PROBLEM: Repeat the data exactly as given below, dropping every picture.
══ SOURCE DATA ══
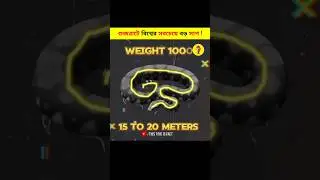World Largest Snake in Gujarat #shorts #facts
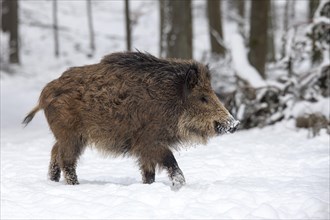 Wild boar (Sus scrofa) in the snow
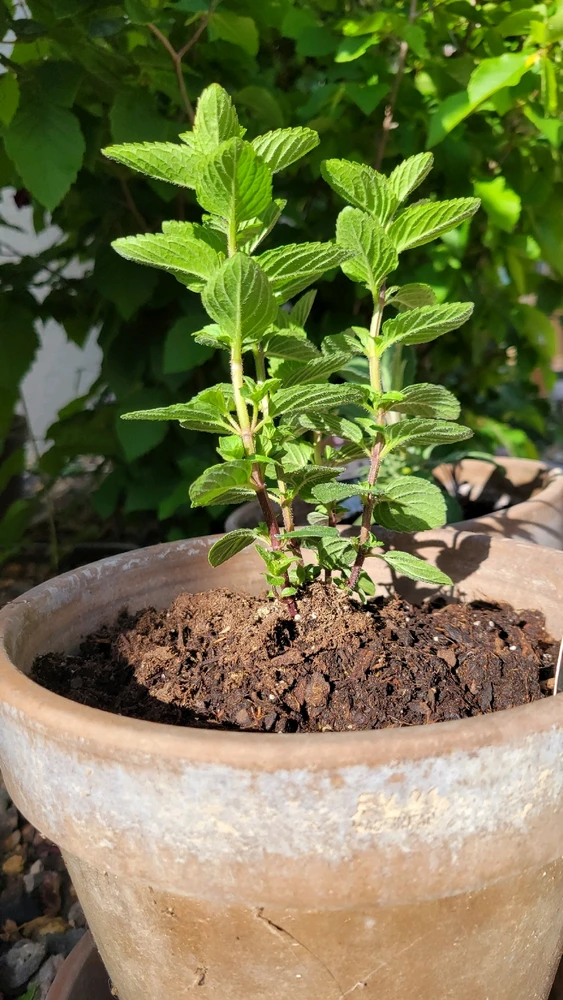 No herbal garden is complete without a mint plant 🌱
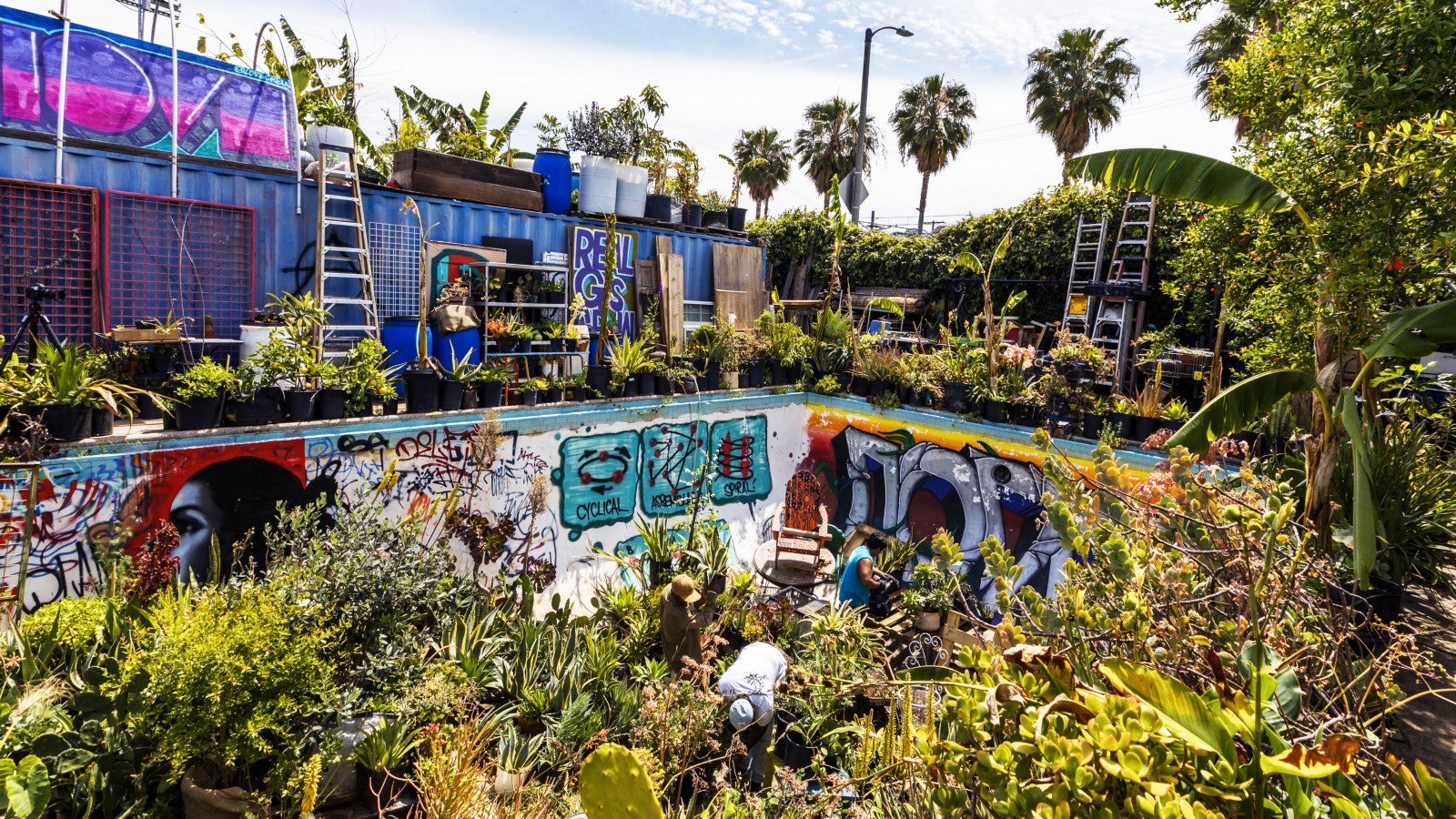 An urban farm in south-central Los Angeles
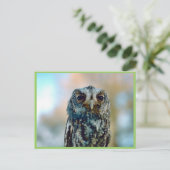 フラムクロウ ポストカード (スタンド正面)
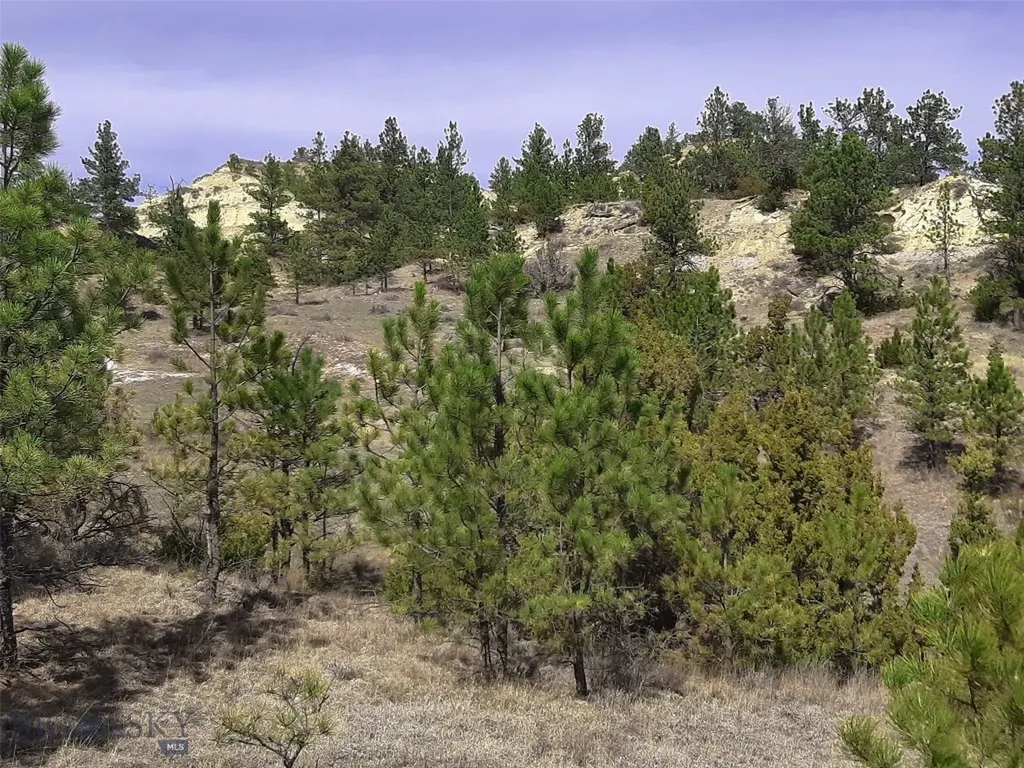 3808 Moon Creek Road Miles City MT 59301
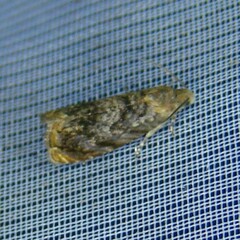 Grapholita janthinana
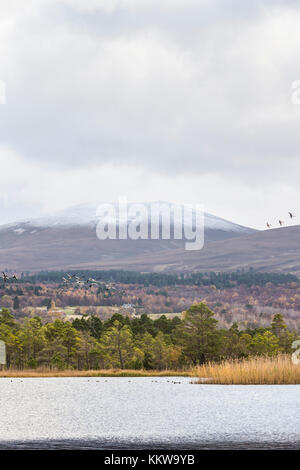 Loch Garten et le repas a' Bhuachaille dans le Parc National de Cairngorms de l'Ecosse. Banque D'Images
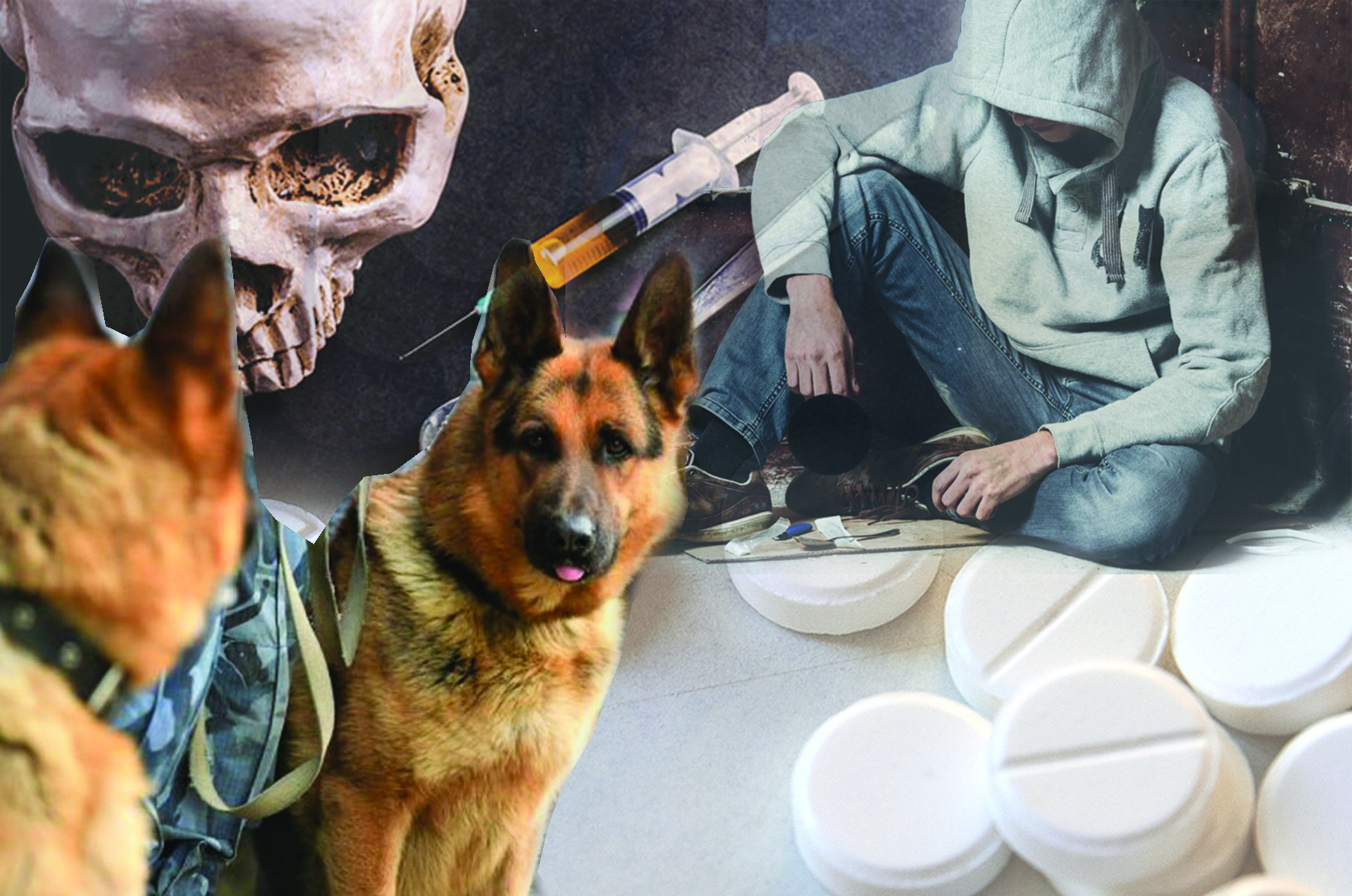 الەۋمەتتىك كەسەل ءال بەرمەي تۇر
═══
ANSWER BOX:
World Largest Snake in Gujarat #shorts #facts
 Wild boar (Sus scrofa) in the snow
 No herbal garden is complete without a mint plant 🌱
 An urban farm in south-central Los Angeles
 フラムクロウ ポストカード (スタンド正面)
 3808 Moon Creek Road Miles City MT 59301
 Grapholita janthinana
 Loch Garten et le repas a' Bhuachaille dans le Parc National de Cairngorms de l'Ecosse. Banque D'Images
 الەۋمەتتىك كەسەل ءال بەرمەي تۇر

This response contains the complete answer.